Virginia Republican gubernatorial candidate Pete Snyder, currently polling second in the primary, is campaigning as an ‘absolute’ Trump supporter and has snagged high-profile endorsements from Ken Cuccinelli, Mark Morgan, Sarah Sanders and Kay Coles James. One of his top campaign issues is protecting the Second Amendment, reassuring Virginians that he ‘believes that the Second Amendment is NOT optional’.
But according to meeting minutes from Snyder’s time serving on the College of William and Mary’s Board of Visitors, he once voted for a weapons ban on campus. Then he tried to cover it up.
Snyder was appointed to the W&M Board of Visitors (BOV) in 2011 by Republican governor Bob McDonnell.
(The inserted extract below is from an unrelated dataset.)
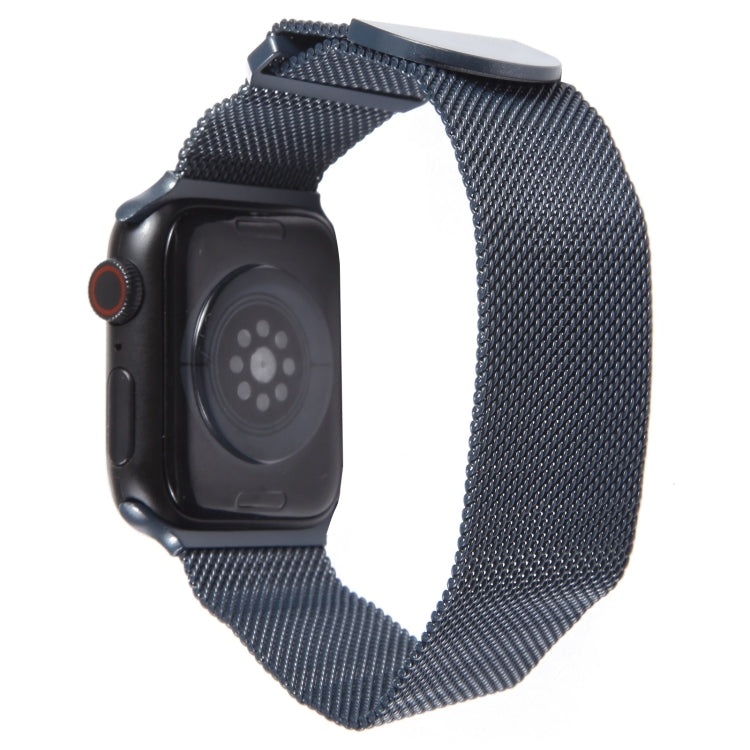 For Apple Watch 9 45mm Milanese Metal Magnetic Watch Band(Midnight Blue) - Watch Bands by PMC TechLife | Online Shopping South Africa | PMC TechLife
In September and December of that year, the BOV voted twice to approve a regulation to ban all employees and visitors from carrying weapons on campus, even if they have a valid concealed carry permit.
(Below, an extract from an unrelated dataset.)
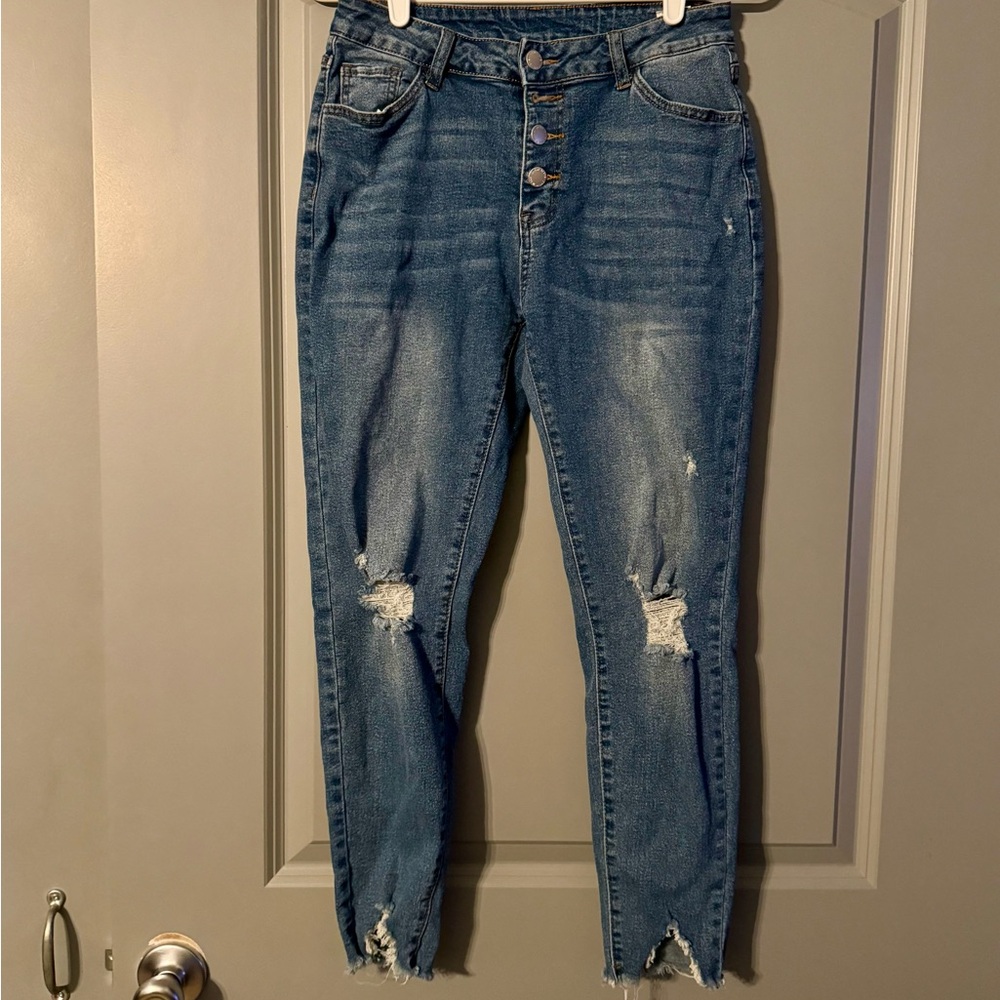 Distressed Skinny Jeans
Minutes from these meetings list Snyder as present and do not indicate that he opposed the ban.
Nearly two years later and shortly before he announced his bid for lieutenant governor, Snyder wrote a letter to the BOV Rector, Jeffrey Trammel, expressing regret that he had not done more to stop the weapons ban.
‘I regret not registering stronger objection at the time this policy was taken up with limited discussion by the Board of Visitors, and I wish to register my objection through this letter,’ Snyder wrote, according to a copy of the letter provided to The Spectator by Snyder’s campaign. ‘I request that the Board revisit this policy in an appropriately open and deliberative way, and hold a recorded vote on this matter at our next scheduled meeting in April.’
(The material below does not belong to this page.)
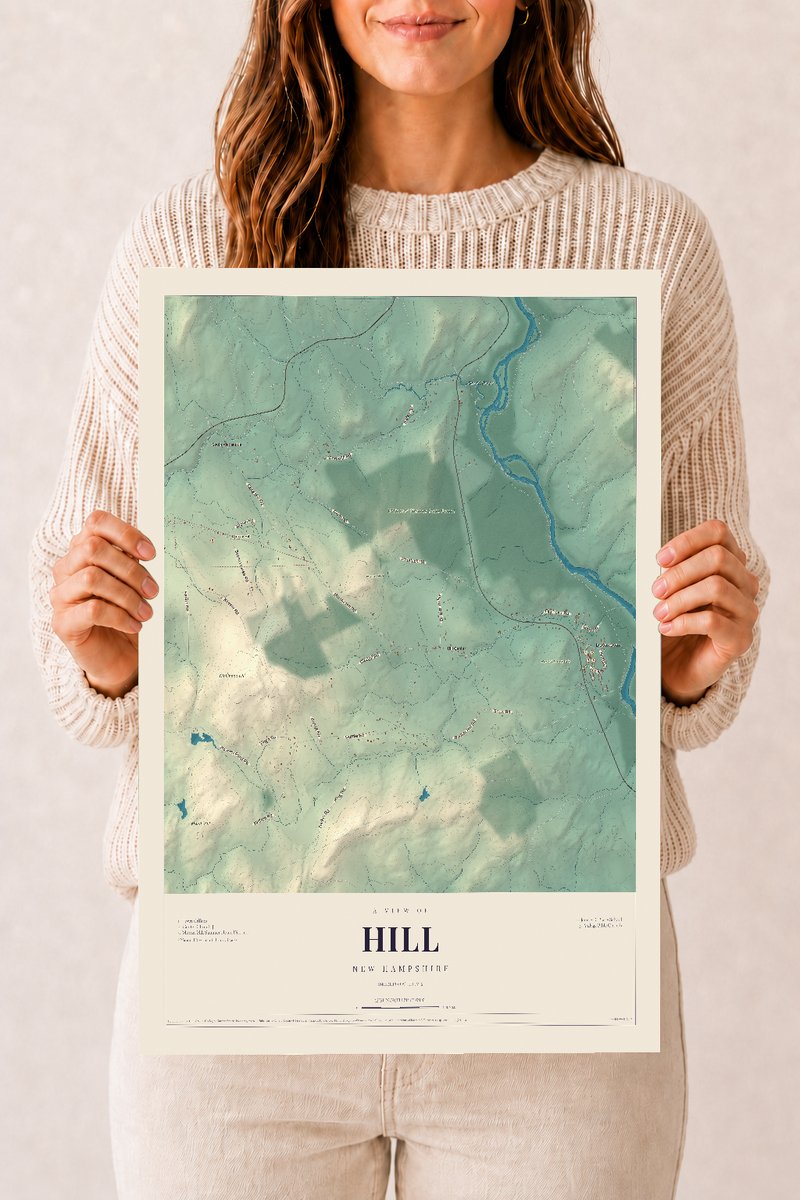NH Current Atlas 2026 | Hill | 12" x 18" | Archival Matte Print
When asked about the weapons ban by Jeannemarie Davis, a fellow Republican candidate for lieutenant governor, during a primary debate, Snyder claimed that he ‘adamantly rejected’ any infringements on Second Amendment rights during his time on the BOV.
‘You’ve repeatedly stated that you support the Second Amendment and do not support any restrictions on gun owners, yet you voted at the Board of Visitors meeting on December 9, 2011 to expressly prohibit any person…from carrying a firearm onto any portion of the William and Mary campus,’ Davis said during the debate. ‘How do you reconcile these actions with your campaign rhetoric?’
Snyder replied, ‘First and foremost, that is a misfire. That is a misfire because I have adamantly rejected any encroachment on the Second Amendment at William and Mary and the Rector of the College knows it.’ He went on to attack Davis’s record on the Second Amendment.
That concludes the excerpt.